# What does it take to be I10 leader?



## Jacoder (Mar 21, 2012)

Right now the correct words are leaving me, so bare with me.

My question is, what does it take (what kind of experience, ect) to be a leader in implementing ICD-10? Leader meaning, the person at the faciity who is steering the whole thing, making sure it gets done, writes out the timeline, educates, ect. I know that if an unqualified person leads the implementation process it could be devestating, so I'd like to hear other's opinions. Thanks!


----------



## mjb5019 (Mar 21, 2012)

*ICD 10 trainer*

AHIMA grants certification as an ICD 10 trainer. Is this what you mean?


----------



## Jacoder (Mar 21, 2012)

That's not really what I was looking for. If a coder with, let's say, 2-4 years coding experiance and has no leadership possition presently or in the past is "nominated" unofficially to be over ICD-10 implimentation, am I right for screaming "NO!"?


----------



## cpccoder2008 (Mar 22, 2012)

In our facility the ICD-10 process will be overseen by our coding supervisor. Our hospital in run underneath a chain of hospitals so they are creating an ICD-10 team and sending this for specific training like what AHIMA offer's and from there they will go to each hospital and train the supervisor's who will then turn around and train us. They will also offer us webinar training but it will mostly come from our coding supervisor who will get the hands on training from them. I guess depending on this person's experiance and creditials i would have to say it depends. We have a coder here who we go to for advice alot and she only has like two years experiance but holds a RN, CPC and CCS so i would feel comfortable with her overseeing the ICD transition even though her years of coding aren't as high as we'd like.


----------



## mjb5019 (Mar 23, 2012)

*Icd 10 Lead*

Does this 2-4 year experienced person have access to the data they will need?  Do they have an interest in moving the company forward for ICD 10 implementation?  Do you feel they are doing it incorrectly?  People can rise to the occaison if given a chance and the tools they will need.


----------



## gemma71 (Mar 25, 2012)

*ICD-10-CM and ICD=10-Preview*

I need help I kind nah lost .Pls help


1) 	Laceration of right hand from assault with knife, initial encounter.
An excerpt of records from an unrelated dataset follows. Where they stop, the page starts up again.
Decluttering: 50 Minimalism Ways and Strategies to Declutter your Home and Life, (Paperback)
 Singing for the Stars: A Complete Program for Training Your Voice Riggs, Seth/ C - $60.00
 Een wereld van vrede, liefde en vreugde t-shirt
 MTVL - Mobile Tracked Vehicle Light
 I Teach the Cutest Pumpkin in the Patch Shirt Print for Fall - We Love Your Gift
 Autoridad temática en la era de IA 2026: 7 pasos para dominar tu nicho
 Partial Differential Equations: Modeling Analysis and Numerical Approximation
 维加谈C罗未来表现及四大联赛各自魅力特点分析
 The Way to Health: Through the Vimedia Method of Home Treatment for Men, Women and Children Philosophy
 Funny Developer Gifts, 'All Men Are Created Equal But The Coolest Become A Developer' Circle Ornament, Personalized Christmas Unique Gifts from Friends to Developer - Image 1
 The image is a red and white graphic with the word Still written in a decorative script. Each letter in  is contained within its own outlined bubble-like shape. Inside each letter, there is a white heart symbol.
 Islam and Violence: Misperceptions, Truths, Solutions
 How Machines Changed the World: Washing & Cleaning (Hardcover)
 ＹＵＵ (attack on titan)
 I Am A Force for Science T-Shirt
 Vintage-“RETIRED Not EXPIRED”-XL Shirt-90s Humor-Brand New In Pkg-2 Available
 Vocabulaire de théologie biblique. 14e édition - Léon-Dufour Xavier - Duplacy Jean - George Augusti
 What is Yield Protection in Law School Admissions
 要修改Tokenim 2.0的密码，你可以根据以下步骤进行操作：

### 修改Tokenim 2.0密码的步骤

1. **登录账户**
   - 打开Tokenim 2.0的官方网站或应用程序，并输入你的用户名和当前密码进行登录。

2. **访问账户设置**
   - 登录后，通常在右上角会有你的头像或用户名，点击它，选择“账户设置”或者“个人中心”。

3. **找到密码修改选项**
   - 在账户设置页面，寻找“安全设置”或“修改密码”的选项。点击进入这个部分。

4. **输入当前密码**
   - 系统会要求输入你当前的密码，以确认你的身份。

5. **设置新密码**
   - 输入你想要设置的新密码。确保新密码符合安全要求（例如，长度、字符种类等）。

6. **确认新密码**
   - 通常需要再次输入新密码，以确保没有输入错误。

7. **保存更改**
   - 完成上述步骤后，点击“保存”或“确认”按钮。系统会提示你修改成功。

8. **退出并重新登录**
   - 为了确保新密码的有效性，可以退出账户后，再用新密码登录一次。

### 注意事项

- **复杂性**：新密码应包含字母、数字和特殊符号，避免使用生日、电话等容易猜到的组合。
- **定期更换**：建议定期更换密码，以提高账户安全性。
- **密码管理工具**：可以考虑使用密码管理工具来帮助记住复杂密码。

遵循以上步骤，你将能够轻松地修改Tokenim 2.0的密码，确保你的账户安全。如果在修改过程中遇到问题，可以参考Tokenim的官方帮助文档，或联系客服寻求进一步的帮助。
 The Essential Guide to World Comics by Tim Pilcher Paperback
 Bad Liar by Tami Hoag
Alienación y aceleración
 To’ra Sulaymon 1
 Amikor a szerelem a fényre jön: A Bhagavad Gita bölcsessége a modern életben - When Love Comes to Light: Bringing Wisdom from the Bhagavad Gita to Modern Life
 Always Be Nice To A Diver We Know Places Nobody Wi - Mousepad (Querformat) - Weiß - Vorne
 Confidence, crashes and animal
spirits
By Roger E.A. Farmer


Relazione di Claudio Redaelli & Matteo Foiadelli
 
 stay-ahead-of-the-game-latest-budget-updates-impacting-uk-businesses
Assign both the diagnosis code and the external cause code.
 S61.421 ,  X99.1xxA


	Points: 0.5 




2) 	Assign the appropriate external cause code and activity code for an injury due to a tackle during a football game, initial encounter.
 Y93.61A ,  Y92.320


	Points: 0 




Pls can you explaine where did I get wrong...I am pulling my hair I can't figure it out ..PL..Pl


----------



## mitchellde (Mar 25, 2012)

on #1 you have the wrong dx code, you coded with foreign body and you left off the 7th character for episode of care.
on# 2 you never coded the tackle.. go to the index to external causes and look under tackle, and the activity code is only 5 characters, and your place code is incorrect.
Where did you find an ICD-10 Cm pretest?


----------



## Pam Brooks (Mar 26, 2012)

Jacoder said:


> That's not really what I was looking for. If a coder with, let's say, 2-4 years coding experiance and has no leadership possition presently or in the past is "nominated" unofficially to be over ICD-10 implimentation, am I right for screaming "NO!"?


 

It depends on the scope of the project. Are you working in a small private practice, or a multi-specialty healty system? 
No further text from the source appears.